▶ [What is being asked] The whole listing below should be retyped exactly, without any images.

▶ [Data]
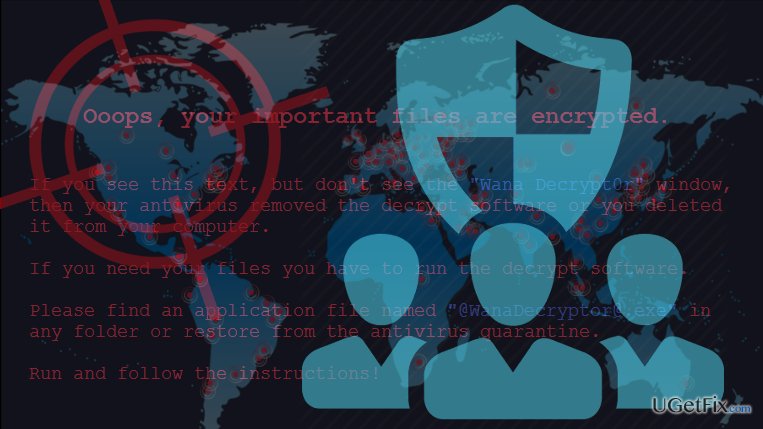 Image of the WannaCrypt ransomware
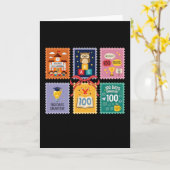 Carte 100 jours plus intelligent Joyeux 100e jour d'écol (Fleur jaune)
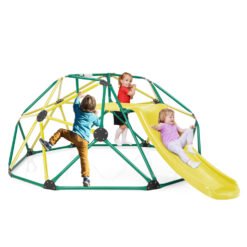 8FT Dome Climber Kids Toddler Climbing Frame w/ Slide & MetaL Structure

▶ [Finished exercise]
 Image of the WannaCrypt ransomware
 Carte 100 jours plus intelligent Joyeux 100e jour d'écol (Fleur jaune)
 8FT Dome Climber Kids Toddler Climbing Frame w/ Slide & MetaL Structure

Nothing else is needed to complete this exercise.